Segment Start: GIVEN MATERIAL
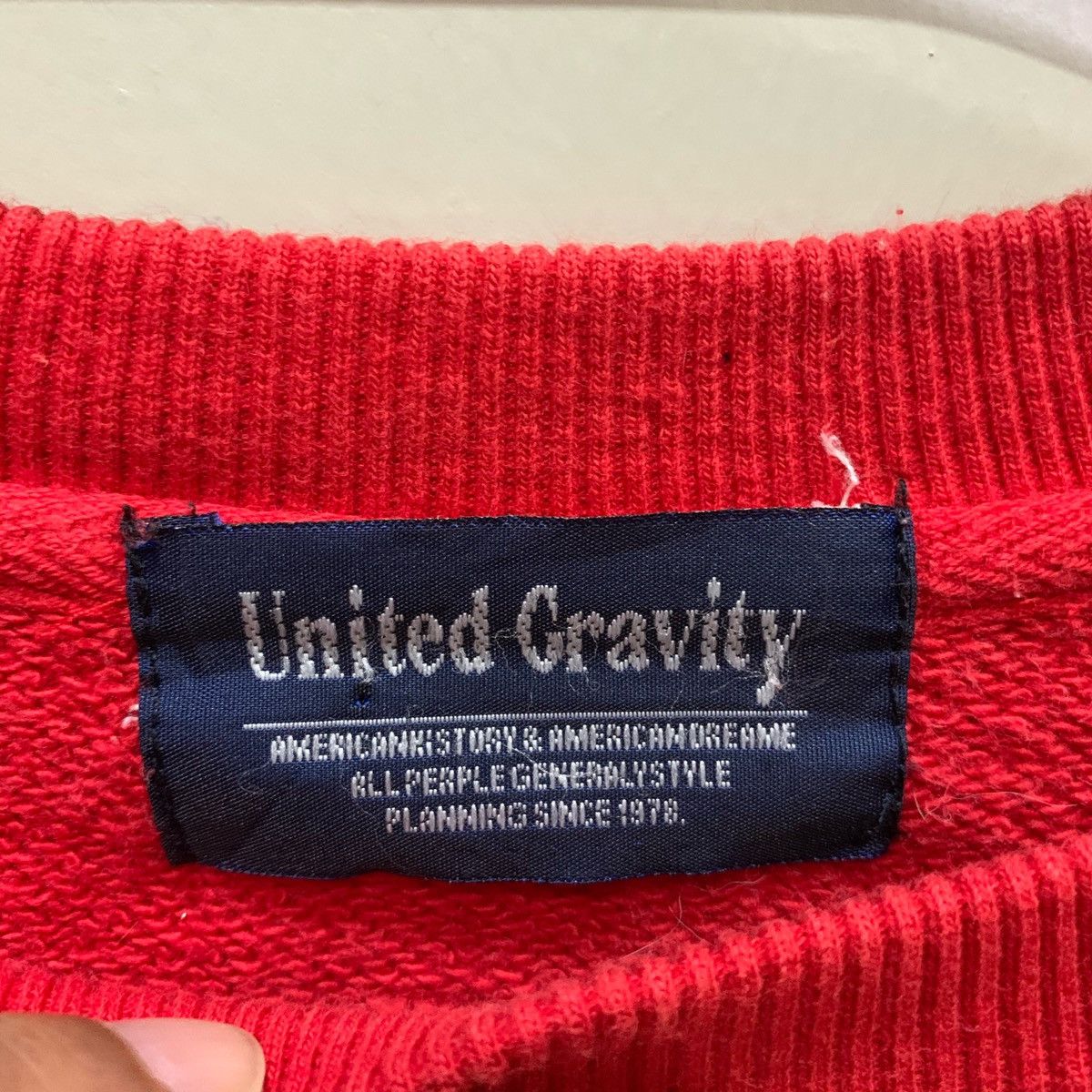 Japanese Brand × Vintage UNITED GRAVITY EXTRIMIST Sweatshirts Size L Size US L / EU 52-54 / 3 - 4 Thumbnail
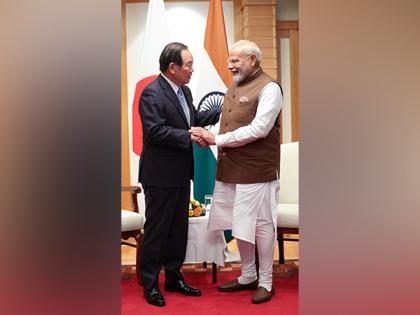PM Modi holds talks with Japan Parliament Speaker on India-Japan ties | PM Modi holds talks with Japan Parliament Speaker on India-Japan ties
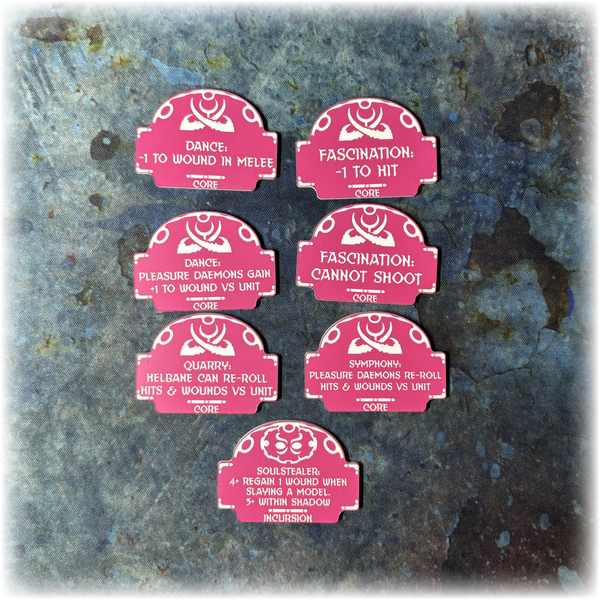 Chaotic Daemons 10th Edition 40k Index Token Set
Segment End: GIVEN MATERIAL
I would like the data above transcribed exactly, with its pictures left out.

- [ANSWER]:
 Japanese Brand × Vintage UNITED GRAVITY EXTRIMIST Sweatshirts Size L Size US L / EU 52-54 / 3 - 4 Thumbnail
PM Modi holds talks with Japan Parliament Speaker on India-Japan ties | PM Modi holds talks with Japan Parliament Speaker on India-Japan ties
 Chaotic Daemons 10th Edition 40k Index Token Set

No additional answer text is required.